En analysant les images collectées entre 2015 et 2025, l’équipe a identifié 437 moments où Vénus apparaissait dans le champ de vision des satellites. En mesurant la lumière infrarouge émise par les couches supérieures de son atmosphère, ils ont pu en déduire l’évolution des températures au sommet des nuages.
Une première mondiale.

Dix ans de météo vénusienne… sans quitter la Terre
Ces données, collectées depuis une orbite géostationnaire au-dessus de l’équateur terrestre, constituent la série d’observations continues de Vénus la plus longue jamais obtenue. Et elles révèlent de véritables tendances : les températures atmosphériques au-dessus des nuages changent d’année en année, ce qui suggère des dynamiques climatiques plus complexes que prévu.

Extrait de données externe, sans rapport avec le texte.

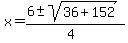 x+=+%286+%2B-+sqrt%28+36%2B152+%29%29%2F%284%29+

C’est une avancée majeure pour la science planétaire. D’autant plus précieuse que les prochaines missions prévues vers Vénus — EnVision de l’ESA, DAVINCI et VERITAS de la NASA — ne décolleront pas avant la fin de la décennie. Et certaines, comme les projets américains, pourraient même être annulées ou repoussées à cause de restrictions budgétaires.
Un nouveau champ d’observation pour les satellites météo ?
L’équipe japonaise ne compte pas s’arrêter là. Ce qu’ils ont accompli pour Vénus pourrait aussi s’appliquer à la Lune, Mercure, ou d’autres corps célestes. En exploitant les bandes infrarouges captées par les satellites, il devient possible de suivre les variations thermiques et compositionnelles de ces objets, sans lancer de mission dédiée.
Comme le souligne Nishiyama, « cette approche ouvre une nouvelle voie pour la surveillance multibande et à long terme des corps rocheux du système solaire ». Une méthode opportuniste, économique, et qui pourrait grandement enrichir notre compréhension des mondes voisins.
Une vision poétique du ciel… depuis l’orbite terrestre
Dans cette histoire, il y a quelque chose de poétique. Des satellites pensés pour observer la Terre, nos typhons, nos nuages, nos sécheresses… deviennent les témoins lointains de ce qui se passe sur une autre planète. Ils regardent, par accident presque, une voisine infernale que nous comprenons à peine.
Et ce simple regard en coin, capté 437 fois en dix ans, pourrait bien relancer toute la recherche vénusienne.
Les détails de l’étude sont publiés dans la revue Earth, Planets and Space.